Davanın açıldığı tarihte yürürlükte bulunan usul hükümleri doğrultusunda yazılı yargılama usulüne tabi olarak oluşturulan tensibe istinaden yargılamaya başlanmış yöntemine uygun ön inceleme duruşması açılarak öncelikle dava şartları ve ilk itirazlar incelenmiş, hukuki ihtilaf noktaları belirlenmek suretiyle tahkikat aşamasına geçilmiştir
Taraflar arasındaki uyuşmazlığın davalı alacaklının faturadan kaynaklı alacağından bahisle davacı borçlu aleyhine giriştiği icra takibine davacının; davalı ile ilgili taşınmazın ——- yapımı konusunda —– tarihinde anahtar teslim olarak anlaştıkları, sözlü anlaşma sonrasında yazılı sözleşme yaptıkları, davalının sözleşmeyi ——kaşesi ile imzaladığı sözleşme bedelinin düzenli şekilde ödemeye başlanılıp işin yapımına devam edildiği, başlangıçta ödemelerin —- yatırıldığı, sonrasında davalının onay almadan fatura bedeli üzerinde fatura kestiği, söz konusu inşaatta faturada yer alan ürün bedeli kadar malzeme kullanmadığı, yapılan işçilik ve kullanılan malzemenin kusurlu olduğu tespit edilince düzeltilmesi için görüşme yapıldığı ve süre verildiği, ancak işin yapılmayacağı anlaşılınca sözleşmeyi fes ettiğini davalının da şantiyeden ayrıldığını, o zamana kadar yapılan işlerin tamamının hatta fazlasıyla ödemesinin yapıldığı, akabinde başka bir taşeron ile işin tamamlandığı, sözleşmenin —– değerinde olduğu, ancak yapılan ödemenin eksik ve kusurlu ifaya rağmen fazlasıyla ödeme yapıldığı, bu itibarla davalıya borcunun bulunmadığından dolayı borçlu olmadığının tespiti ile kötü niyet tazminatına karar verilmesi yönünde tespit davası açılmış olduğu tespit edilmiştir.

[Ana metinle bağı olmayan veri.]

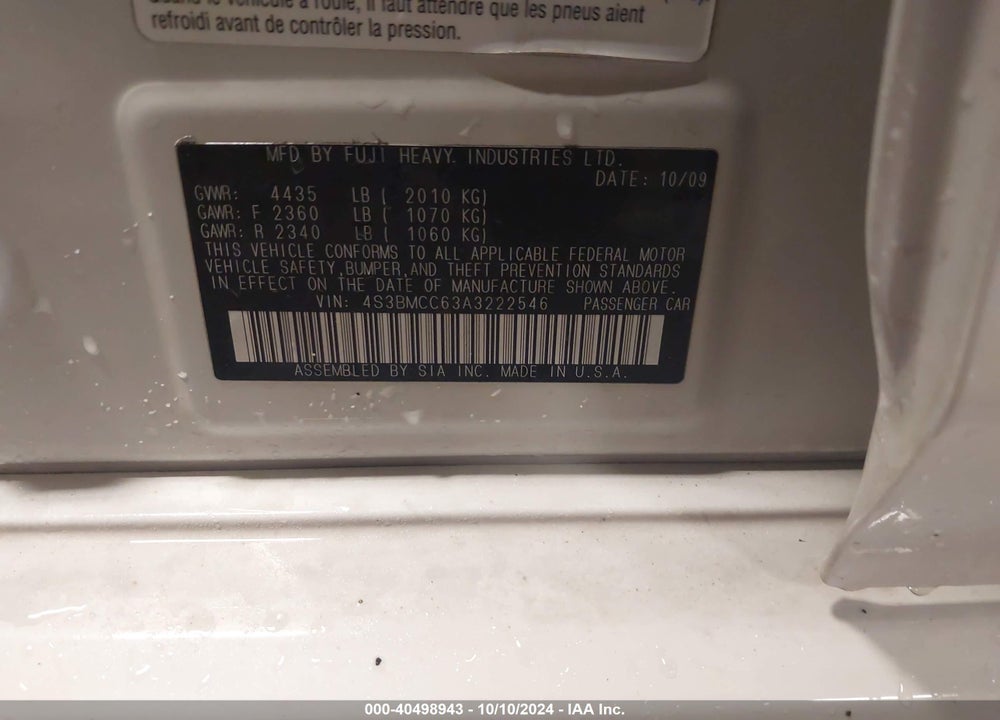 2010 SUBARU LEGACY 2.5I PREMIUM VIN: 4S3BMCC63A3222546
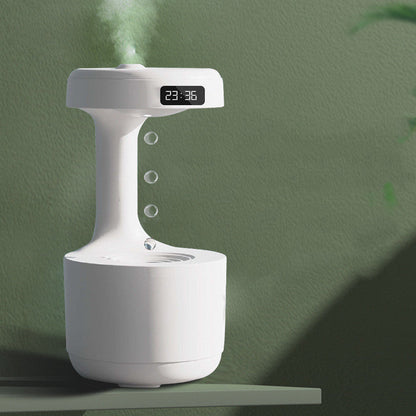 Anti-Gravity Humidifier with Digital Clock – Ultra-Quiet, LED Display, Stress-Relief & Aromatherapy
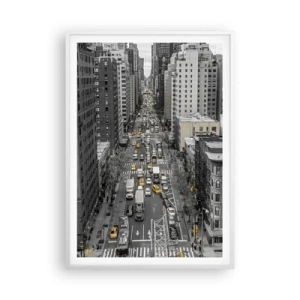 Póster en marco blanco - La vida de Nueva York - 70x100 cm
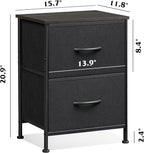 WLIVE Black Nightstand, Small Dresser for Bedroom with 2 Fabric Drawer, Bed Side Table with Drawers, End Table Bedside Furniture, Sturdy Steel Frame, Wood Top, Closet Organizer, College Dorm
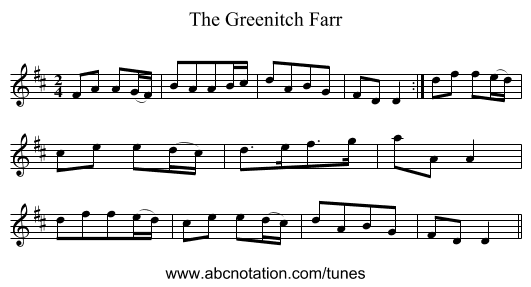 Greenitch Farr, The - staff notation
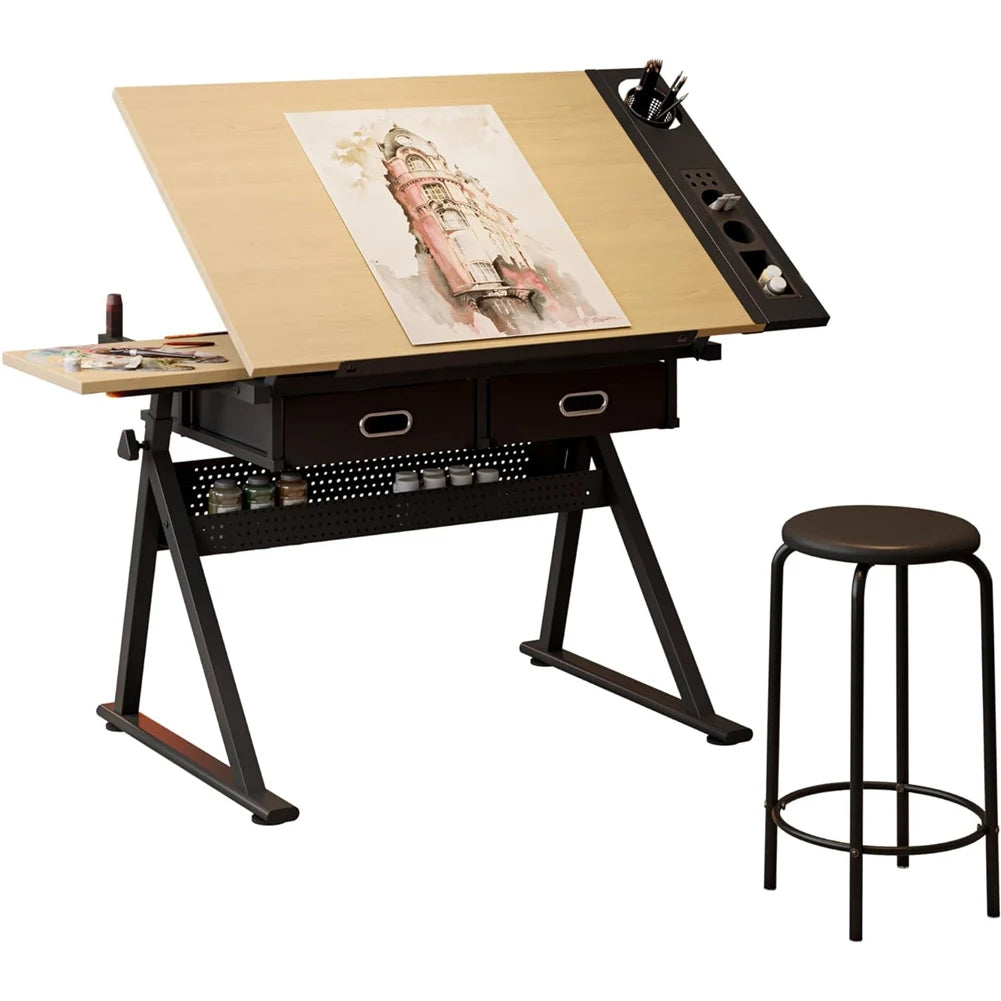 Height Adjustable Drafting Table with Stool, 0-75° Tilting Drawing Desk Artist Desk with 2 Storage Drawers, Watercolor Art Workstation for Home Office Drawing, Painting, Crafting, Writing, Sketching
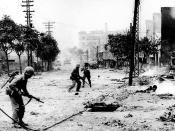 Urban combat in Seoul, 1950, as US Marines fight North Koreans holding the city.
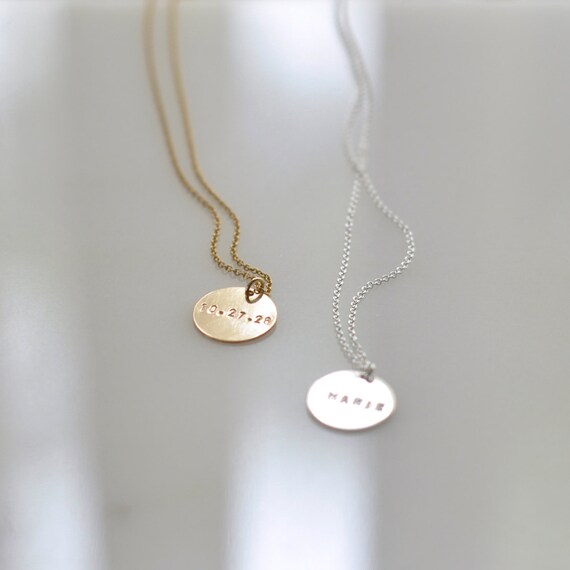 Engraved Gold Coin Necklace Personalized Charm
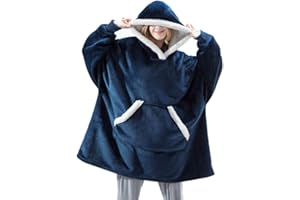 SHAMDON HOME COLLECTION Sweat à Capuche Couverture Pull Capuchon Sherpa Peluche à Manches TV Plaid Couvertures Adulte Femme Homme Unisexe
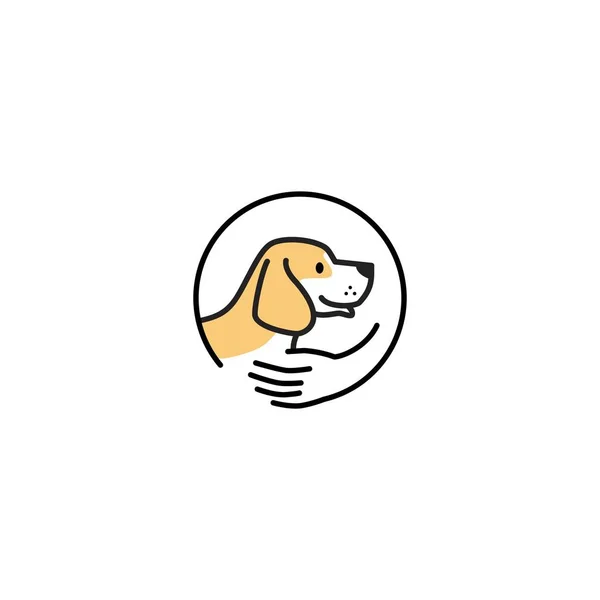 Haustier Hund Pflege Mensch Hand Logo Vektor Symbol Illustration — Stockvektor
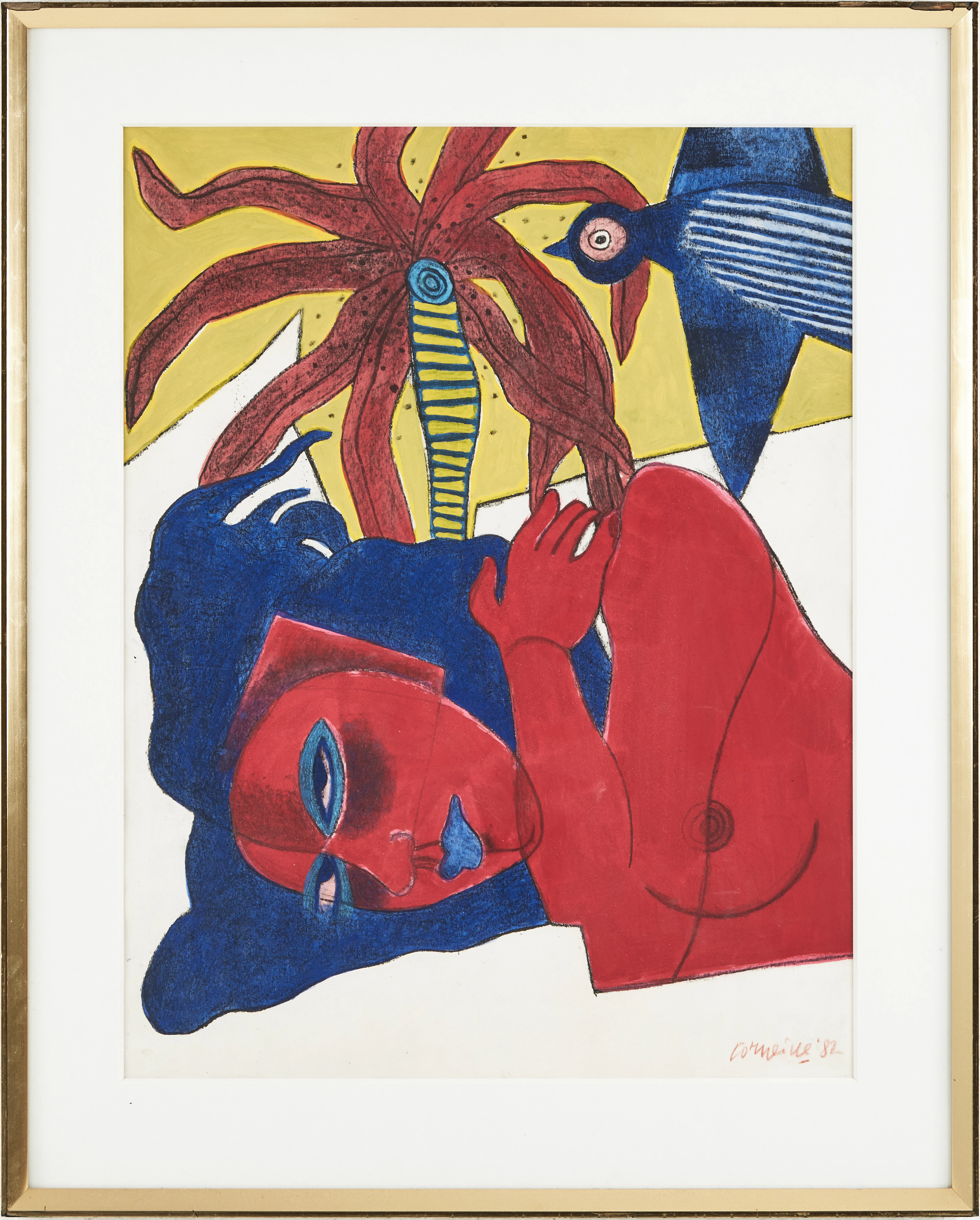 BEVERLOO CORNEILLE. "Femme Rouge et Oiseau".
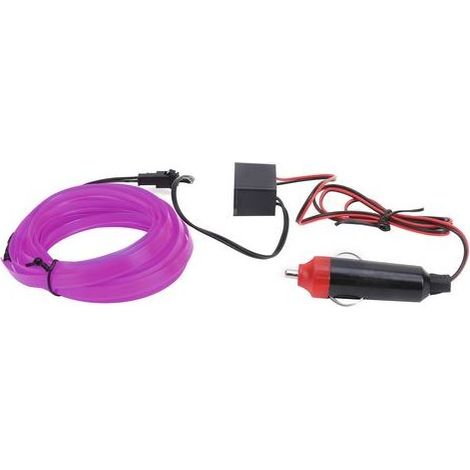 Bande LED pour éclairage intérieur de voiture, 3 mètres, allume-cigare, Tube de fil de conduite, néon violet clair (1/5)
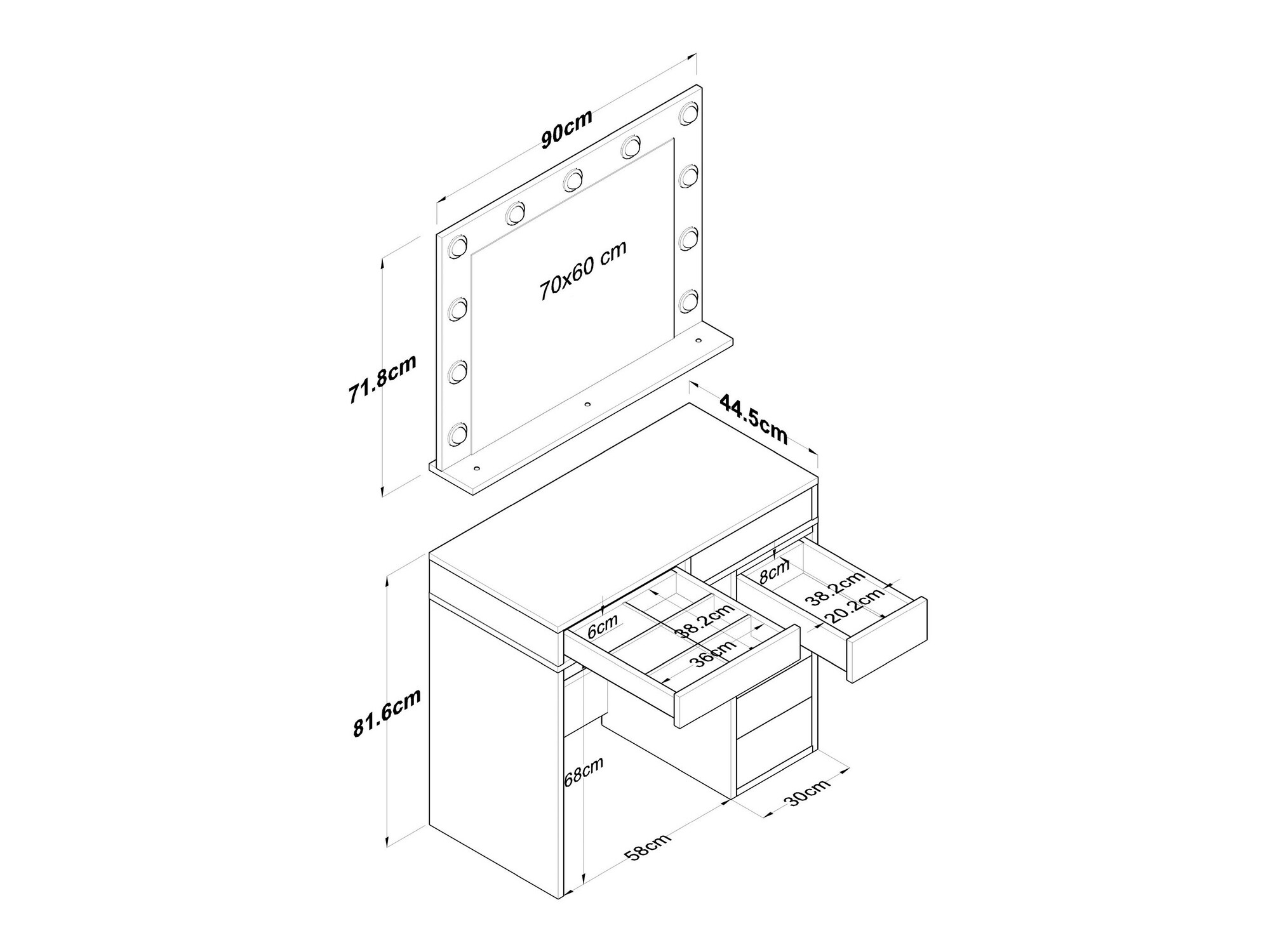 Toaletni stolić Kailua 2116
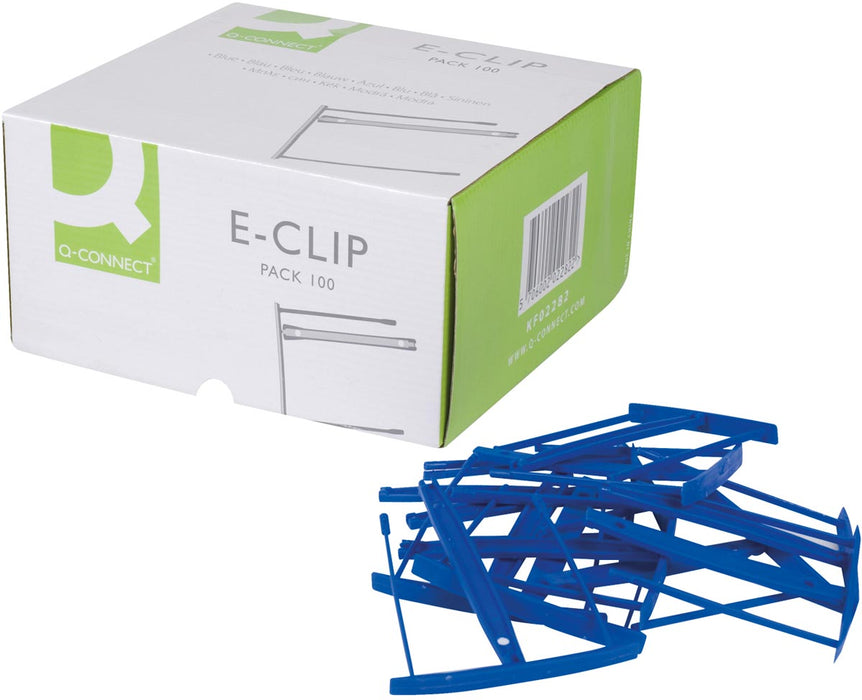 Q-CONNECT archiefbinder E-clip, 100 stuks per doos, blauw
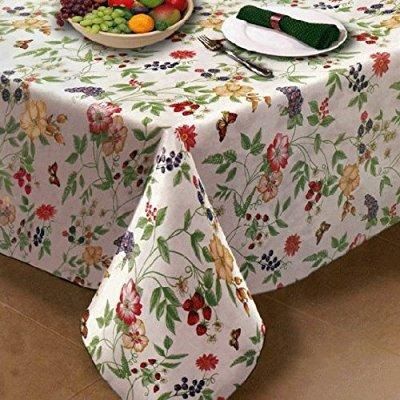 Enchanted Garden Flannel Backed Vinyl Tablecloth Indoor Outdoor 60"x84" Oblong (Rectangle) - Walmart.com Vinyl Table Covers, Square Kitchen, Outdoor Tablecloth, Vinyl Tablecloth, Linen Store, Floral Print Design, Enchanted Garden, Table Pads, Table Covers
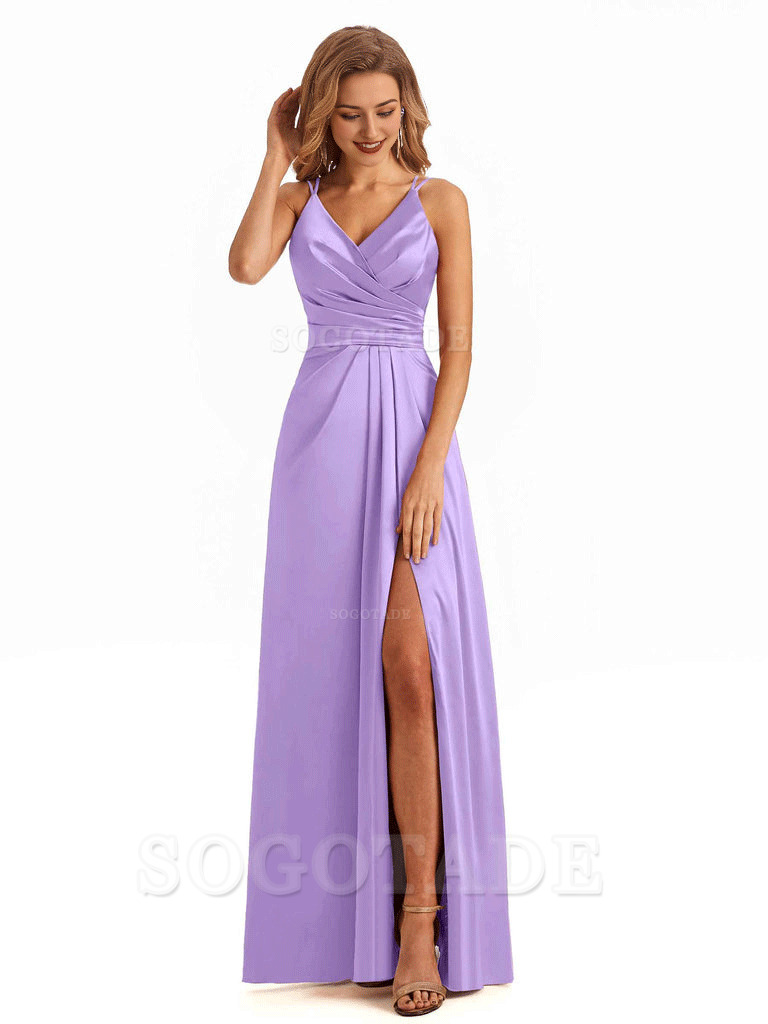 Soft Satin A-Line Spaghetti Straps V Neck Side Slit Maxi Long Bridesmaid Dresses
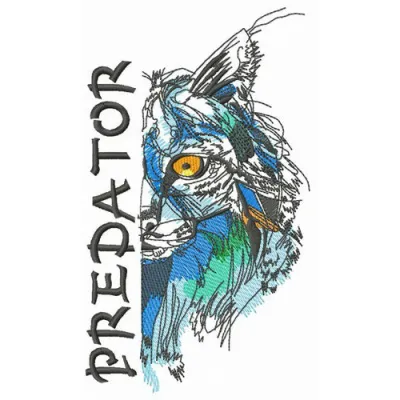 Bobcat predator embroidery design featuring a detailed woodland animal motif for creative stitching projects.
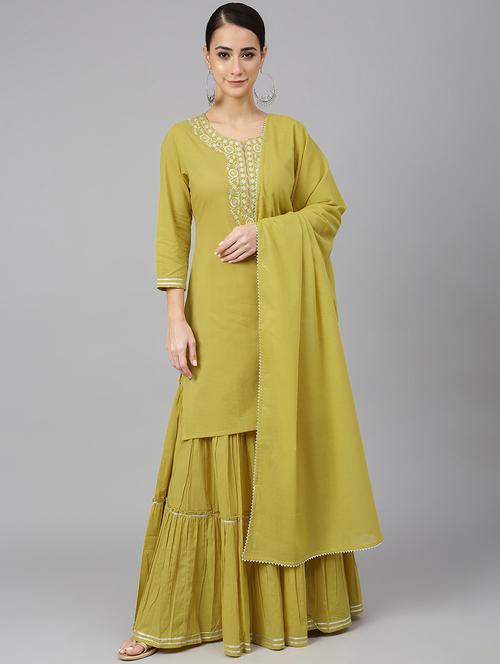yellow kurta sharara set with dupatta - 18757740 - Very Small Image - 1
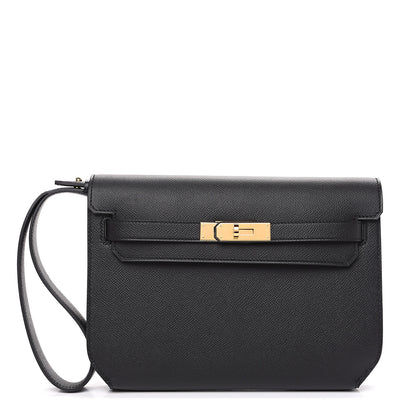 Hermes Epsom Kelly Depeches 25 Pouch Black 1 of 7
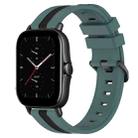 For Amazfit GTS 2E 20mm Vertical Two-Color Silicone Watch Band(Green+Black) - 1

Mahkememiz davasına konu —- sayılı takip dosyasının incelenmesinde; başlatılan takibin alacaklısının mahkememiz davalısı —- asıl alacak ve işlemiz faiz nedeniyle başlatılan icra takibi olduğu, ödeme emrinin borçluya — tarihinde tebliğ edildiği anlaşılmıştır.
Mahkememizce —- tarihli ara karar ile dosyanın mahkememizce resen seçilecek —– denetleme uzmanı bilirkişilere tevdi edilerek rapor düzenlenilmesinin istenildiği, bilirkişi heyeti tarafından düzenlenen — tarihli raporda özetle; davacı —- açısından; davalı —- bir eser sözleşmesi bulunduğu ancak bu sözleşmede bir teknik şartname bulunmadığı için davalının orta kalite imalat yapmak zorunda olduğu, ancak davacının davalı taraftan ayıba bağlı olarak bir hak talebinde bulunmadığı, davacının sözleşme bedelini tamamen ödediğini iddia ettiği, davalı —-açısından; taraflar arasında imzalanan sözleşmeye göre; yapılacak işin toplam bedelinin —-olduğu, bedelin sözleşmede götürü bedel olarak kararlaştırılmış olduğu, davacının davalı tarafa üzerinde mutabık kaldıkları —- tutarında ödeme yaptığı ve eksik yapılan ve davalı tarafından da kabul edilen klima takılması kalemi düşüldükten sonra bu bedelin sözleşmede davacının ödemeyi taahhüt ettiği miktarı ödemiş olduğunu gösterdiği, dolayısıyla davalının davalıdan eksik ödeme yaptığına dair herhangi bir hak talebinde bulunamayacağı, davalı tarafın sözleşmede yazan bedele göre davacı taraftan talep edebileceği bir bedel olmadığı için başlatılan icra takibinin de yerinde olmadığı sonuç ve kanaatine varıldığına dair rapor tanzim edilmiş olduğu görülmüştür.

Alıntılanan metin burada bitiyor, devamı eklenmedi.